Wir besuchen noch die Aya Sofia und schlendern gemütlich zurück zum Schrödinger, bevor wir uns mit dem Taxi auf nach Beyoglu machen. Es ist Samstag Abend und nach zwei Wochen auf Reisen haben wir uns mal wieder ein wenig Nachtleben verdient. In Beyoglu pulisiert das Leben! Mit tausenden jungen Leuten drängen wir uns durch die Gassen, lauschen Live-Bands und tanzen in kleinen Clubs. In einer Bar treffen wir auf einen türkischen Junggesellenabschied. Die Männer laden Michi zum Mitfeiern ein und fragen mich, ob ich nicht schon furchtbar müde sei und ins Bett wolle. Denkste! Der Junggesellenabschied muss leider ohne meinen Mann stattfinden. Bevor sie weiterziehen, lassen sie es sich jedoch nicht nehmen, Michi von ihrem Essen probieren zu lassen und sich mit ihm über die Geheimnisse einer glücklichen Ehe auszutauschen. Ich bin derweil höflich auf die Zuschauerränge verbannt.

Am nächsten Tag steht der Gran Bazaar auf unserem Programm. Doch Michi muss zuerst den Abfluss unserer Dusche noch reparieren. Dies ufert ausnahmsweise einmal nicht zu einer Tagesbeschäftigung aus. Doch plötzlich knallt es auf unserem Dach. Michi rettet sich noch schnell ins Auto, bevor er etwas abbekommt. Etwas erschrocken sondieren wir die Lage und stellen fest, dass uns irgendjemand mit Gurken bewirft. Hallo?! So schnell wie der Spuk angefangen hat, ist er schon wieder vorbei und wir befreien den Schrödinger vom Wurfgemüse. Währenddessen knallt es erneut und wir stellen fest, dass eine Gruppe Kinder den Schrödinger als Torwand missbraucht. Wutentbrannt laufe ich den Fratzen hinterher, bekomme sie aber nicht mehr zu fassen. Allerdings weiß ich auch nicht, was ich hätte tun sollen, wären sie stehen geblieben.

Der Gran Bazaar hat am Sonntag leider geschlossen, doch es gibt  außerhalb des Gebäudes einen ähnlich großen Bazaar, auf dem man allerlei Markenschuhe, -hosen, und -brillen zu günstigsten Preisen erstehen kann.
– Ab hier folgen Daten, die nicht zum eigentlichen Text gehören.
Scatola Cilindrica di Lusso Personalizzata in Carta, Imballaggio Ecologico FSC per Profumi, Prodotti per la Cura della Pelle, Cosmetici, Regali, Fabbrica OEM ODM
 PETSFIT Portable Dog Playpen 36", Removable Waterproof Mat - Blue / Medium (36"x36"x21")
IMG_3330Natürlich alles echt, wie uns die Verkäufer stets versichern. Dass das „N“ auf den New Balance Schuhen spiegelverkehrt ist oder das Nike-Logo noch ein neckisches Zusatz-Spitzchen hat, stört nur minimal. Michi braucht aber trotzdem neue Schuhe und so versuchen wir unser Glück. Türkische Verkäufer sind übrigens extrem aufdringlich. Michi lehnt am Anfang immer noch mit einem höflichen „No thanks!“ ab, während ich die Männer einfach geflissentlich ignoriere. Doch nach dem hundertsten „Yes, please!“ oder „Ah, nice couple, very nice couple!“ ist auch ihm seine gute Kinderstube langsam egal.
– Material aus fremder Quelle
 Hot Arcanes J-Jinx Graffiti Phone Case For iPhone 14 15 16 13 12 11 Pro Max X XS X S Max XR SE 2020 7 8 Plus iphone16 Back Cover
Wir werden nicht fündig uns so machen wir uns am nächsten Tag nochmal auf zum Gran Bazaar. Ein großer, schöner, orientalischer Markt, auf dem wir uns nochmal nach Schuhen für meinen Mann umsehen. Und ich brauche ein „Muslima-Starter-Kit“ für den Iran. Stundenlang schlendern wir staunend durch den riesigen orientalischen Markt, der jedoch leider zum Teil auch sehr von gefälschten Markenklamotten dominiert wird. Ich probiere eine Abaya (schwarzes Übergewand für Muslimas), doch Michi protestiert so heftig, dass ich das Ding schnell wieder an den Verkäufer zurückgebe. Auf die Frage, was ich denn dann im Iran anziehen solle, bekomme ich nur zu hören, dass es trotz Kleiderregeln, doch noch gut auszusehen habe. Aha! Das vereinfacht mir die ganze Angelegenheit natürlich ungemein. Ich vertage das Projekt auf später.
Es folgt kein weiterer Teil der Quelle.